Required work.
For each record below, write an exact copy.

── Exercise data

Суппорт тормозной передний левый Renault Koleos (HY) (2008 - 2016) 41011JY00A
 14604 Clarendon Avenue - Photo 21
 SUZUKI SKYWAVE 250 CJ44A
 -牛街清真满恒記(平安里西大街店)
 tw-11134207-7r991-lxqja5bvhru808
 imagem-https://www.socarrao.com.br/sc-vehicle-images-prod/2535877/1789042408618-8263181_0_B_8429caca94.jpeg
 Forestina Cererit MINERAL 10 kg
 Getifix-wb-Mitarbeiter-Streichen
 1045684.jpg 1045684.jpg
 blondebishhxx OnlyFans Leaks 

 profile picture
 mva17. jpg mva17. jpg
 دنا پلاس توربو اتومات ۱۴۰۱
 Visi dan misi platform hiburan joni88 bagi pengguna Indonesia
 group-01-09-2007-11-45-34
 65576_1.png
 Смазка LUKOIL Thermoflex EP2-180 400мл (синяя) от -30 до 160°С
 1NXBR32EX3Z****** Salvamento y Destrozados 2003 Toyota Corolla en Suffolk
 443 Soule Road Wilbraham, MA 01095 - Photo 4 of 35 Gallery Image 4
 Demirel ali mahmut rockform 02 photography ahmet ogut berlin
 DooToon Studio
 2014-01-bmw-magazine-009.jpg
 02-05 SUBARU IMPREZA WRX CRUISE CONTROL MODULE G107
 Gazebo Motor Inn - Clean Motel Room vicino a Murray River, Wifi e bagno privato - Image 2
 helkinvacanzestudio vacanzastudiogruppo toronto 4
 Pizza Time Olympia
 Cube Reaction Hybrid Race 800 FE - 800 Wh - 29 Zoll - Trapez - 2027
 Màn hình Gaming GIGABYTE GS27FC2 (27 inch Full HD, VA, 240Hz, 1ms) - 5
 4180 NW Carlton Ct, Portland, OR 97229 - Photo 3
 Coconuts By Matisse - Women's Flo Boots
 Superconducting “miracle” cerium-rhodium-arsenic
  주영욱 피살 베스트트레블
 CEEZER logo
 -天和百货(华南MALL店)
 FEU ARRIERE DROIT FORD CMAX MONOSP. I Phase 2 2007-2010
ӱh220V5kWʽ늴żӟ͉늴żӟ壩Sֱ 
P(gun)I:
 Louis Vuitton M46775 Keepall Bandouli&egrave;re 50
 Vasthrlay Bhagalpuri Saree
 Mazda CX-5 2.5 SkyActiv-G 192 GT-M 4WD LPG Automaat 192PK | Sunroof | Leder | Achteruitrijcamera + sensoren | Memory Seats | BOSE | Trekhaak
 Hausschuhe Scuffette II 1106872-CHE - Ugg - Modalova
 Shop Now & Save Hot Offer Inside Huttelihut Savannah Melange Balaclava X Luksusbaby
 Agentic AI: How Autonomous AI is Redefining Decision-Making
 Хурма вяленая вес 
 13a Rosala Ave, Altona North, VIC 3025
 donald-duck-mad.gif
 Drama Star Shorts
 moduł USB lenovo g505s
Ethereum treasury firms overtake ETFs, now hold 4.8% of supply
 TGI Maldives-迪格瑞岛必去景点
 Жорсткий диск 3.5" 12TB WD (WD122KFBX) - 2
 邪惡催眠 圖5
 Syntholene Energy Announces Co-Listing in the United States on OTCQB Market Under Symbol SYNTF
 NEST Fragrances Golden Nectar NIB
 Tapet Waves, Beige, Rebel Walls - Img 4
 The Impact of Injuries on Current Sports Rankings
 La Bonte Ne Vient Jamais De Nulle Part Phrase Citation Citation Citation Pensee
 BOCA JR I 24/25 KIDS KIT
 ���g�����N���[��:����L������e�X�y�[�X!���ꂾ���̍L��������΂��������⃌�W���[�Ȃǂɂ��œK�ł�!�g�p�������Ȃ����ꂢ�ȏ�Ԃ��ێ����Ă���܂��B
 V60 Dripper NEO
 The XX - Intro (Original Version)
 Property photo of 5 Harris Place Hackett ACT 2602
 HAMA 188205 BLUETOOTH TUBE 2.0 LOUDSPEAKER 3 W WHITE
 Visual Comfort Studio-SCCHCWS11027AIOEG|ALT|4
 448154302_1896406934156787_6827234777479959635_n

────

Solution.
Суппорт тормозной передний левый Renault Koleos (HY) (2008 - 2016) 41011JY00A
 14604 Clarendon Avenue - Photo 21
 SUZUKI SKYWAVE 250 CJ44A
 -牛街清真满恒記(平安里西大街店)
 tw-11134207-7r991-lxqja5bvhru808
 imagem-https://www.socarrao.com.br/sc-vehicle-images-prod/2535877/1789042408618-8263181_0_B_8429caca94.jpeg
 Forestina Cererit MINERAL 10 kg
 Getifix-wb-Mitarbeiter-Streichen
 1045684.jpg 1045684.jpg
 blondebishhxx OnlyFans Leaks 

 profile picture
 mva17. jpg mva17. jpg
 دنا پلاس توربو اتومات ۱۴۰۱
 Visi dan misi platform hiburan joni88 bagi pengguna Indonesia
 group-01-09-2007-11-45-34
 65576_1.png
 Смазка LUKOIL Thermoflex EP2-180 400мл (синяя) от -30 до 160°С
 1NXBR32EX3Z****** Salvamento y Destrozados 2003 Toyota Corolla en Suffolk
 443 Soule Road Wilbraham, MA 01095 - Photo 4 of 35 Gallery Image 4
 Demirel ali mahmut rockform 02 photography ahmet ogut berlin
 DooToon Studio
 2014-01-bmw-magazine-009.jpg
 02-05 SUBARU IMPREZA WRX CRUISE CONTROL MODULE G107
 Gazebo Motor Inn - Clean Motel Room vicino a Murray River, Wifi e bagno privato - Image 2
 helkinvacanzestudio vacanzastudiogruppo toronto 4
 Pizza Time Olympia
 Cube Reaction Hybrid Race 800 FE - 800 Wh - 29 Zoll - Trapez - 2027
 Màn hình Gaming GIGABYTE GS27FC2 (27 inch Full HD, VA, 240Hz, 1ms) - 5
 4180 NW Carlton Ct, Portland, OR 97229 - Photo 3
 Coconuts By Matisse - Women's Flo Boots
 Superconducting “miracle” cerium-rhodium-arsenic
  주영욱 피살 베스트트레블
 CEEZER logo
 -天和百货(华南MALL店)
 FEU ARRIERE DROIT FORD CMAX MONOSP. I Phase 2 2007-2010
ӱh220V5kWʽ늴żӟ͉늴żӟ壩Sֱ 
P(gun)I:
 Louis Vuitton M46775 Keepall Bandouli&egrave;re 50
 Vasthrlay Bhagalpuri Saree
 Mazda CX-5 2.5 SkyActiv-G 192 GT-M 4WD LPG Automaat 192PK | Sunroof | Leder | Achteruitrijcamera + sensoren | Memory Seats | BOSE | Trekhaak
 Hausschuhe Scuffette II 1106872-CHE - Ugg - Modalova
 Shop Now & Save Hot Offer Inside Huttelihut Savannah Melange Balaclava X Luksusbaby
 Agentic AI: How Autonomous AI is Redefining Decision-Making
 Хурма вяленая вес 
 13a Rosala Ave, Altona North, VIC 3025
 donald-duck-mad.gif
 Drama Star Shorts
 moduł USB lenovo g505s
Ethereum treasury firms overtake ETFs, now hold 4.8% of supply
 TGI Maldives-迪格瑞岛必去景点
 Жорсткий диск 3.5" 12TB WD (WD122KFBX) - 2
 邪惡催眠 圖5
 Syntholene Energy Announces Co-Listing in the United States on OTCQB Market Under Symbol SYNTF
 NEST Fragrances Golden Nectar NIB
 Tapet Waves, Beige, Rebel Walls - Img 4
 The Impact of Injuries on Current Sports Rankings
 La Bonte Ne Vient Jamais De Nulle Part Phrase Citation Citation Citation Pensee
 BOCA JR I 24/25 KIDS KIT
 ���g�����N���[��:����L������e�X�y�[�X!���ꂾ���̍L��������΂��������⃌�W���[�Ȃǂɂ��œK�ł�!�g�p�������Ȃ����ꂢ�ȏ�Ԃ��ێ����Ă���܂��B
 V60 Dripper NEO
 The XX - Intro (Original Version)
 Property photo of 5 Harris Place Hackett ACT 2602
 HAMA 188205 BLUETOOTH TUBE 2.0 LOUDSPEAKER 3 W WHITE
 Visual Comfort Studio-SCCHCWS11027AIOEG|ALT|4
 448154302_1896406934156787_6827234777479959635_n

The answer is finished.